You want to apply Python or Scala functions inside Spark SQL queries.
Syntax
Apache Spark
from pyspark.sql.functions import udf
from pyspark.sql.types import <ReturnType>

# Define a Python function
def my_function(value):
    # custom logic
    return modified_value

# Register the function as a UDF with return type
my_udf = udf(my_function, <ReturnType>())

# Use the UDF in DataFrame operations
df = df.withColumn('new_column', my_udf(df['existing_column']))

Replace with a Spark data type like StringType(), IntegerType(), etc.

UDFs work row by row on DataFrame columns.

Examples
This example shows using a UDF on an empty DataFrame. It runs without error and returns no rows.
Apache Spark
from pyspark.sql.functions import udf
from pyspark.sql.types import IntegerType

def add_one(x):
    return x + 1 if x is not None else None

add_one_udf = udf(add_one, IntegerType())

# Edge case: empty DataFrame
empty_df = spark.createDataFrame([], 'value INT')
empty_df = empty_df.withColumn('plus_one', add_one_udf(empty_df['value']))
empty_df.show()
This example shows a UDF used on a DataFrame with one row, adding a greeting message.
Apache Spark
from pyspark.sql.functions import udf
from pyspark.sql.types import StringType

def greet(name):
    if name:
        return 'Hello ' + name
    else:
        return 'Hello Stranger'

greet_udf = udf(greet, StringType())

# DataFrame with one row
one_row_df = spark.createDataFrame([('Alice',)], ['name'])
one_row_df = one_row_df.withColumn('greeting', greet_udf(one_row_df['name']))
one_row_df.show()
This example shows handling null values inside a UDF and applying it to multiple rows.
Apache Spark
from pyspark.sql.functions import udf
from pyspark.sql.types import StringType

def mark_end(text):
    if text:
        return text + ' END'
    else:
        return None

mark_end_udf = udf(mark_end, StringType())

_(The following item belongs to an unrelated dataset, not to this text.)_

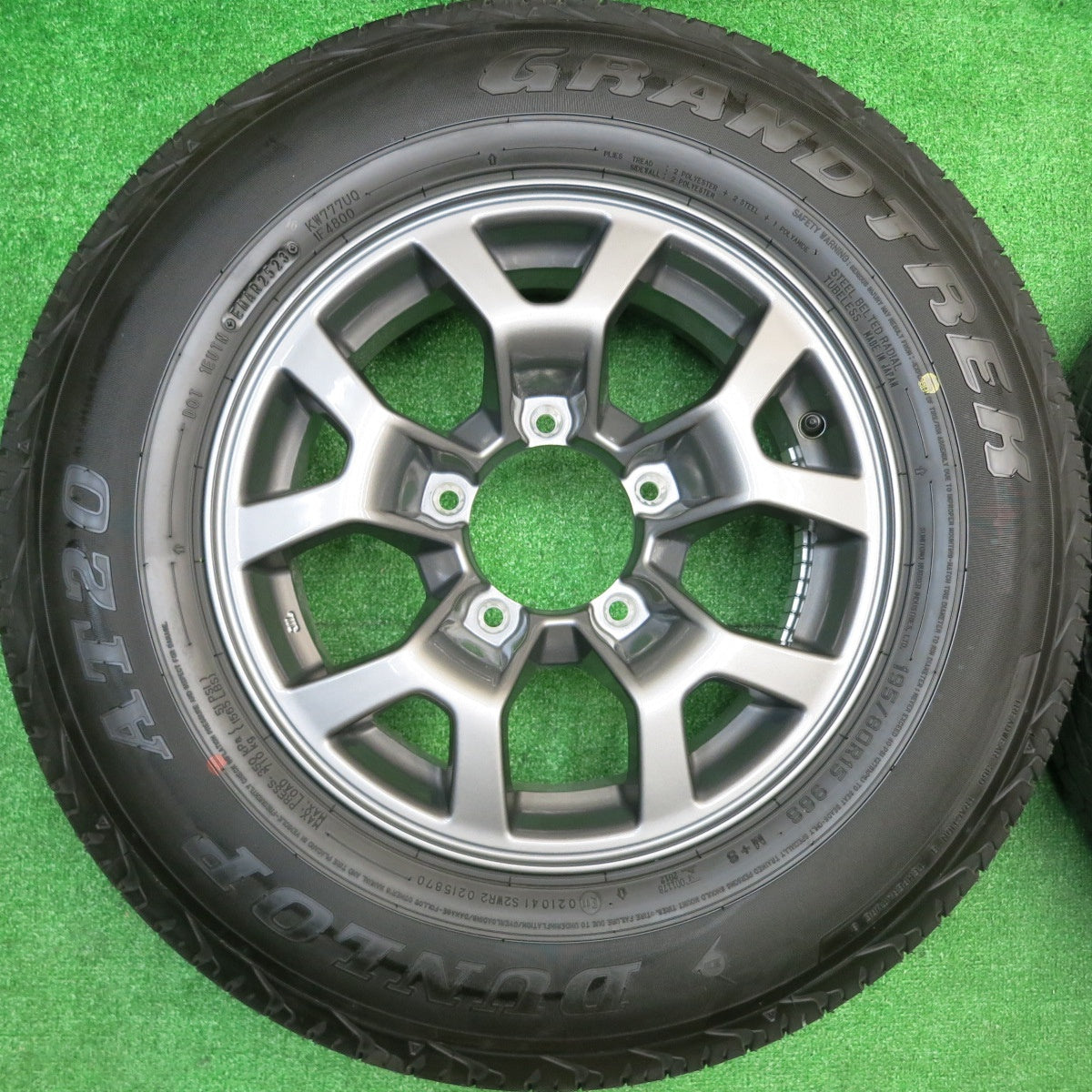 新車外し！23年★スズキ JB74 ジムニーシエラ 純正 195/80R15 ダンロップ AT20 グラントレック 15インチ PCD139.7/5H★5102306HAノ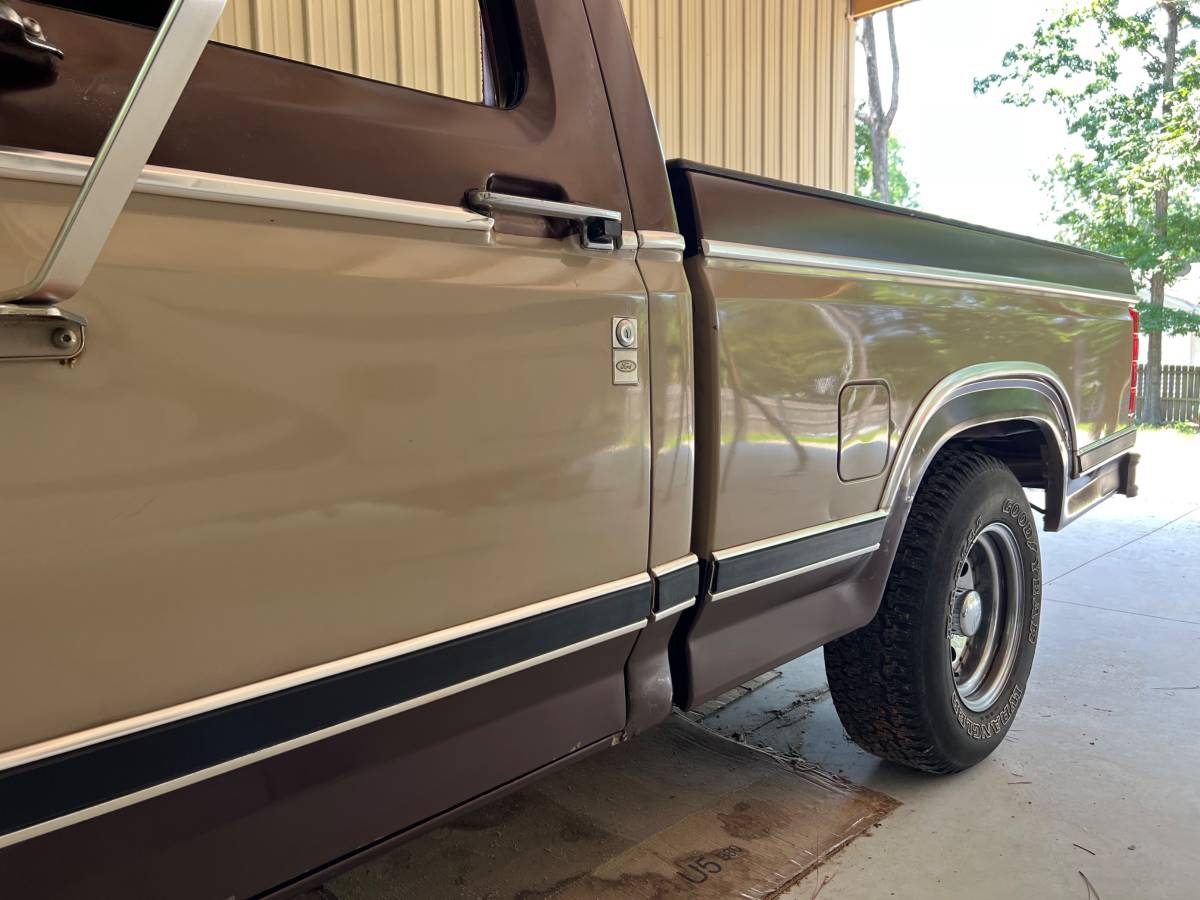 Ford-f100-pickup-1983-brown-15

# DataFrame with multiple rows including null
multi_df = spark.createDataFrame([('start',), (None,), ('middle',)], ['text'])
multi_df = multi_df.withColumn('marked', mark_end_udf(multi_df['text']))
multi_df.show()
Sample Program

This program creates a Spark DataFrame with numbers, defines a UDF to double each number, and applies it. It prints the DataFrame before and after applying the UDF.

Apache Spark
from pyspark.sql import SparkSession
from pyspark.sql.functions import udf
from pyspark.sql.types import IntegerType

# Create Spark session
spark = SparkSession.builder.appName('UDF Example').getOrCreate()

# Define a Python function to double a number
def double_value(number):
    if number is None:
        return None
    return number * 2

# Register the function as a UDF
double_value_udf = udf(double_value, IntegerType())

# Create a DataFrame with sample data
data = [(1,), (5,), (None,), (10,)]
df = spark.createDataFrame(data, ['number'])

print('Original DataFrame:')
df.show()

# Use the UDF to create a new column with doubled values
df = df.withColumn('doubled', double_value_udf(df['number']))

print('DataFrame after applying UDF:')
df.show()

# Stop Spark session
spark.stop()
OutputSuccess
Important Notes

Time complexity: UDFs run once per row, so O(n) where n is number of rows.

Space complexity: Minimal extra space, mostly for function call overhead.

Common mistake: forgetting to handle null values inside the UDF causes errors.

Use UDFs when built-in Spark functions cannot do the needed operation efficiently.

Summary

UDFs let you add custom row-wise logic to Spark DataFrames.

Always specify the return type when registering a UDF.

Handle nulls carefully inside your UDF to avoid errors.